As the talks drew closer, it became clear that the US military was thinking of a much smaller footprint - between 6,000 and 20,000. Suddenly, as the Obama administration clarified its priorities for its second term, newspapers revealed that the residual presence was going to be cut back further, to as few as 3,000.

Finally, on the eve of the Afghan leader's arrival, the White House made it clear it was considering the "zero option": after more than 2,000 American dead and billions of dollars spent to prop up President Karzai as a bulwark against the Taliban, the US military was ready to just pack up and go at the end of 2014, as it has done in Iraq.

Floating the zero option was seen as a warning to Mr Karzai not to overplay his hand. His failure to get a grip on corruption or establish democratic legitimacy has eaten away at his support in Washington. If he wants a praetorian guard of US troops to remain, then he will have to grant them immunity from prosecution in Afghan courts. But immunity is not an easy issue for Mr Karzai, already accused by his enemies of being a lackey of Uncle Sam.

Given the poor state of the ANA - according to the Pentagon, only one of its 23 brigades can operate independently - it seemed unthinkable that the Americans would actually pull out at the end of 2014. But in fact that outcome, while not desirable, is far from unthinkable.

President Barack Obama's foreign policy is going to be judged on how he extricates the US from Afghanistan. His choice of new leaders for his national security team shows that "boots on the ground" in the Middle East and South Asia are yesterday's options.

Chuck Hagel, Mr Obama's nominee for defence secretary, is a wounded Vietnam veteran who has stood against the neoconservative agenda. He has spoken out against the US being goaded into war with Iran to suit the interests of the Israeli prime minister, Benjamin Netanyahu. Initially a supporter of the Iraq war, Mr Hagel later became a vociferous critic.

His main task will be to cut Pentagon spending. In 2011 the US spent $718 billion (Dh2.6 trillion) on defence and international security assistance, including the Iraq and Afghanistan wars.

By a rough calculation, it costs $1 million a year to keep a soldier in Afghanistan. So the current troop strength of 66,000 costs about $66 billion a year, which is not small change. The smaller the force, the higher the cost per soldier, so budget logic calls for a drastic cut.

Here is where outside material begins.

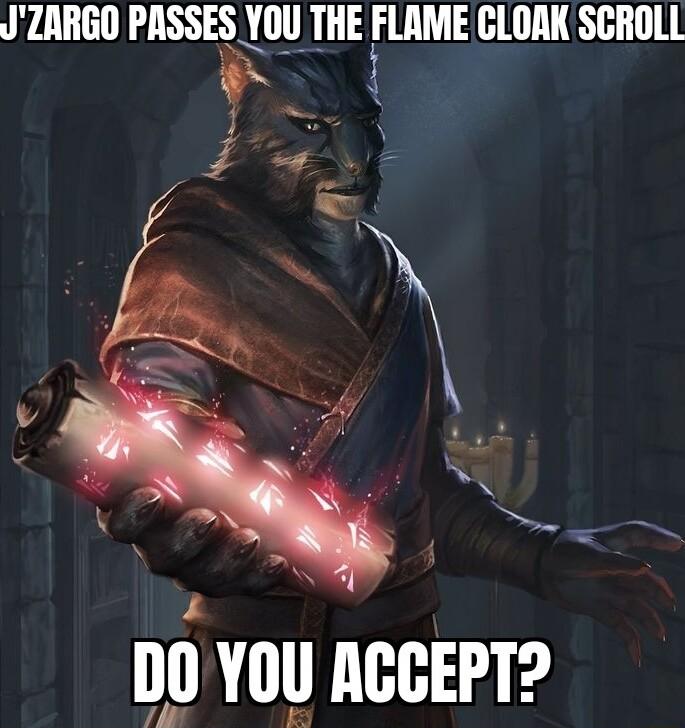JZARGO PASSES YOU THE EMME GLOAK SCROLL Ol j DO YOU ACGEPT 4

But in the absence of US troops, who will prevent Afghanistan once again becoming a safe haven for Al Qaeda? The answer lies with Mr Obama's choice for head of the CIA: John Brennan, who as his counter-terrorism adviser has been responsible for the "drone war" against militants on the Afghan-Pakistan border and increasingly in Yemen. Yemen has in recent years been the source of more anti-US threats than Afghanistan, yet Mr Obama has left it in the hands of the CIA and its drones.

Mr Brennan's elevation is a clear endorsement of aggressive intelligence warfare. Is it possible to imagine that Mr Obama would entrust the CIA with what was the key goal of the Afghan invasion - to prevent Afghanistan becoming a place where jihadist plotters could operate undisturbed? Not entirely.

The US debate on Afghanistan focuses almost exclusively on soldiery, because the Pentagon has run the campaign since the outset. This is the clearest reason why it has been such a failure - the sin of generals being to promise that victory is always around the corner even when "victory" is an impossible concept.

The real issue is not the numbers game. The real issue is whether Afghanistan will have a leader next year who will be strong enough to keep the Taliban at bay, or co-opt them or somehow share power with them.

That leader will not be Mr Karzai: having served two full terms he is not eligible to stand for a third term in the 2014 elections.

But he will have a strong say in promoting a successor, and it is up to him, in the months that remain, to prepare for a clean election next year.

As the Pakistani author Ahmed Rashid has said, "Afghanistan needs a safe and secure political transition from Mr Karzai to the next man and from dependency on the West to greater self-reliance".

To imagine this happening requires a leap of faith - that Mr Karzai will rise to the challenge of crafting a lasting legacy; that talks involving Kabul, the Taliban and the Americans will bear fruit; and that the Pakistani military will decide that its interests would now be served best by a peace agreement rather than by an endless Taliban insurrection.

Two years may be too short a time for all this to fall into place. The work should have begun years ago, and should not have depended on the US electoral timetable.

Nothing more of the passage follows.